Beim Streit um den Pflichtteil geht es sehr oft um Geschenke, die der Erblasser vor seinem Tod gemacht hat. Solche Schenkungen können den Wert des Pflichtteils erhöhen, § 2325 BGB. Allerdings gilt das nicht immer. Sind die Schenkungen sittlich gerechtfertigt, erhöht sich der Pflichtteil nicht, § 2330 BGB.

Ehebezogene Zuwendungen als Anstandsschenkungen

Dasselbe gilt für ehebezogene Geschenke.

Grundsätzlich werden Schenkungen an den Ehegatten wie solche an andere Personen behandelt und auf den Pflichtteil angerechnet. Auf das Motiv, den Bestand der Ehe zu fördern, kommt es nicht an. Wenn diese ehelichen Geschenke aber sittlich gerechtfertigt sind, ergänzt sich der Pflichtteil dadurch nicht.

Wann sind Schenkungen sittlich gerechtfertigt?

Sittlich gerechtfertigt sind sogenannte Anstands- und Pflichtschenkungen.

Anstandsschenkungen

Anstandsschenkungen sind sittlich gebotene Geschenke. Dabei handelt es sich um kleinere Geschenke oder übliche Gelegenheitsgaben zum Geburtstag oder Hochzeitstag von eher geringem Wert. Welchen Umfang diese Anstandsschenkungen haben dürfen, richtet sich nach den Lebensverhältnissen und der örtlichen oder gesellschaftlichen Verkehrssitte. Das kann – im Ausnahmefall – auch mal eine Yacht für mehr als eine halbe Million Euro sein.

Pflichtschenkungen

Umfangreichere Geschenke sind als Pflichtschenkung nur dann gerechtfertigt, wenn folgende Voraussetzungen vorliegen: Die Schenkung muss sittlich geboten sein. Außerdem muss sie derart wichtig sein, dass der Erhalt des Pflichtteils für die Angehörigen dahinter zurücktritt.

Wann diese Voraussetzungen gegeben sind, lässt sich nicht generell sagen. Vielmehr muss dies anhand der jeweiligen Umstände in jedem einzelnen Fall entschieden werden.

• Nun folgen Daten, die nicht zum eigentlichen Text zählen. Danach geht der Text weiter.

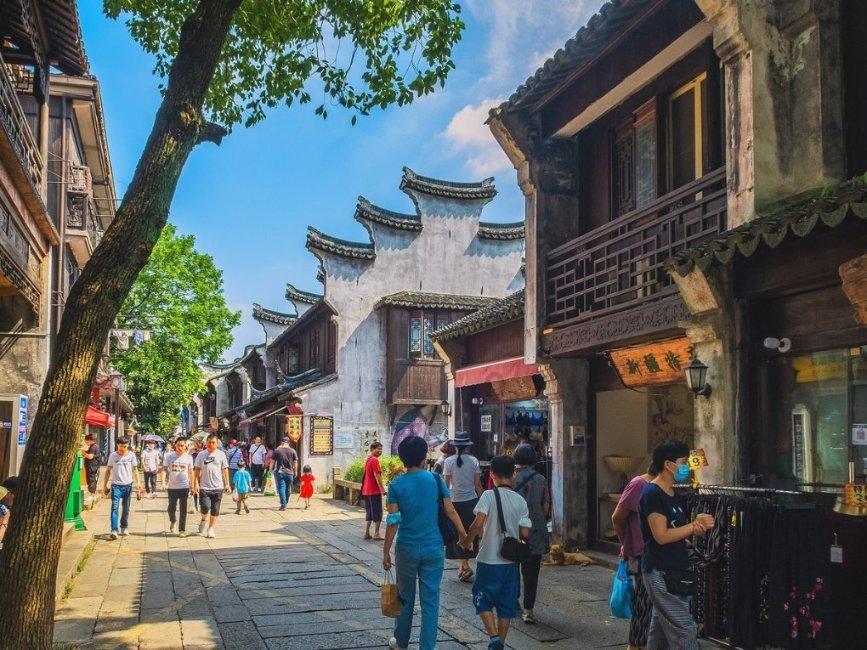 睿远基金傅鹏博新进迈为股份，大幅减持三安光电、中国移动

Die Rechtsprechung nahm eine Pflichtschenkung beispielsweise in folgenden Fällen an:

  • die Übertragung des halben Familienwohnhauses an die unversorgte Ehefrau nach deren langjähriger unbezahlter Mitarbeit im Geschäft (OLG Karlsruhe OLGZ 1990, 456);
  • die Übertragung des halben Grundvermögens zur Alterssicherung an die Ehefrau und Alleinerbin zum Nachteil der einzigen Tochter aus erster Ehe (BGH NJW 1984, 2939);
  • die Sicherung des Lebensunterhalts für den Partner einer nichtehelichen Lebensgemeinschaft (BGH NJW 1983, 674; idS bereits RG LZ 1923, 449) sowie
  • die Schenkung einer Rente und eines Wohnrechts für die Zeit nach dem Tod des Erblassers an die Ehefrau nach Trennung und während des Scheidungsverfahrens (BGH LM § 2330 Nr 4).

Was bedeutet das für den Pflichtteil?

Soweit eine Anstands- oder Pflichtschenkung vorliegt, erhöht sich der Pflichtteil nicht – aber eben auch nur soweit. Geht der Wert des Geschenks über das sittlich gerechtfertigte Maß hinaus, so wird der überschießende Teil auf den Pflichtteil angerechnet (Palandt/Weidlich, BGB, 78. Aufl. 2019, § 2330 Rn. 1; BGH, Urt. v. 27.05.1981, Az.: IVa ZR 132/80). Dann erhöht sich der Pflichtteil jedenfalls um diesen Teil des Geschenks.